Tarihinde ilk kez Euroleague oynayan Darüşşafaka Doğuş, ikinci galibiyetini aldı Malaga karşısında. İddiası olmasa da, kazanmak için oynaması, oyunun hakkını vermesi güzel... Türkiye Kupası’nı son saniye basketi ile kaybettikten sonra böyle bir maç oynamak kolay değildi. Tam kupaya sımsıkı sarılmışken, son saniyede yenilmek oldukça yıkıcıdır. Çabuk ayağa kalkmış Oktay Mahmuti’nin ekibi. Malaga’nın da mutlaka kazanması gerekiyordu az olan şansını sürdürmesi için. Ama Türkiye Kupası’ndan bu yana gelen bir savunma alışkanlığı var Darüşşafaka’nın. O savunma anlayışı dünkü galibiyeti de getirdi. Malaga gibi skorer bir takımı 55 sayıda tutan, hücumda skor katkısını bütün takıma yayan ekibimiz, gerçek bir Top 16 takımı gibi oynadı.
‘’Bileği bükülmüyor‘’
İlk günden itibaren büyük bir heyecanın yaşandığı, galibi son topların belirlediği, sevinç ve hayal kırıklıklarının bol olduğu bir kupa organizasyonu izledik Bursa’da...
İlk şoku Efes yaşadı
Ligde yenildiği Büyükçekmece karşısına çıkan Fenerbahçe, rövanşı alırken çok zorlanmadı. İkinci çeyrek final maçı ise nefesleri kesti.

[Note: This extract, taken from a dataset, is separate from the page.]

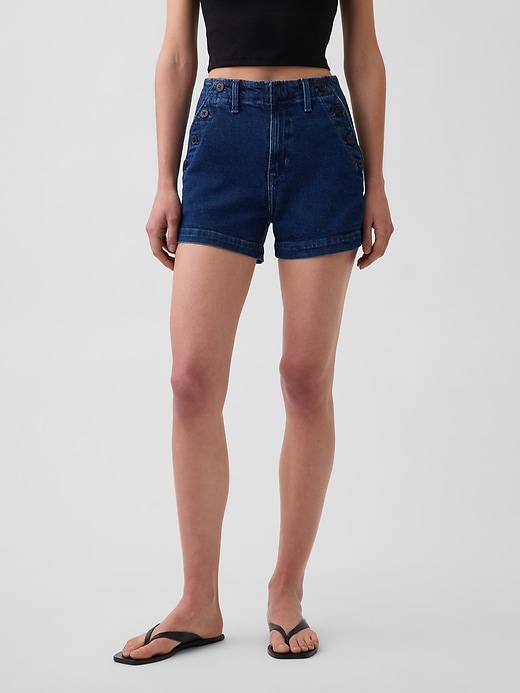 L'image numéro 2 présente Short de style marin en denim à taille haute, 9 cm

Uzun oyuncularından yeterli katkıyı alamayan Efes’in kısalarına önlem alan Pınar Karşıyaka coachu Ufuk Sarıca, rakibin elini ayağını bağladı. Tempoyu da düşürüp rakibe sevdiği açık alanları bırakmayan İzmir ekibi, 20 üçlüğün 18’ini kaçırmasına rağmen, Efes’i 67’de tutunca, kendi de yarı finalin yolunu tuttu.
Slaughter Aslan'ı eve yolladı
İkinci gün Darüşşafaka, antrenman havasında geçen maçta Trabzon’u 31 sayı farkla yenerken, Bordo-Mavili ekibin coachu Nenad Markoviç de takımının başındaki son maça çıkmış oldu. Galatasaray da erken veda edenler kervanına katıldı. Cim Bom, son 2 dakikaya 8 sayı önde girdi, bu bölümde 3 turnike, 2 de serbest atış kaçırdı. Son 2 dakikada Slaughter (biri son saniye üçlüğü) 2, Moerman’la da 1 üçlük bulan Bandırma ekibi ‘küçük çaplı bir mucize’ gerçekleştirip, Galatasaray’ı evine yolladı.
Çekirge sıçramadı
Benzer bir senaryo Banvit ile Darüşşafaka Doğuş arasındaki yarı final maçında yaşandı. Banvit bu kez son 3 dakikaya 8 sayı geride girdi. Maçı aynı noktaya getirdi ama bu kez Fortson’un son saniye üçlüğü girmeyince, Darüşşafaka 15 yıl sonra finalist olmayı başardı. Fenerbahçe, Pınar Karşıyaka’yı devirirken yıldızları sahnedeydi. İkinci yarıda 5’i Datome’den olmak üzere tam 10 üçlük isabeti bulan Sarı-Lacivertliler, iki yıl aradan sonra tekrar finaldeydi.
Bogdanovic böyle istedi
Final nefesleri kesti. Fenerbahçe kaçtı, Darüşşafaka kovaladı, 15 saniye kala Wilbekın’la öne de geçti ama gecenin kahramanı Bogdanoviç, son sözü söyleyen isim oldu. Bitime 2 saniye kala, gönderdiği üçlükle Darüşşafaka’nın hayallerini yıkarken, Sarı-Lacivertliler’i havalara uçurdu. Bogdanovic de ‘büyük’ oynadığı gecenin hikayesini kendi istediği gibi yazdı.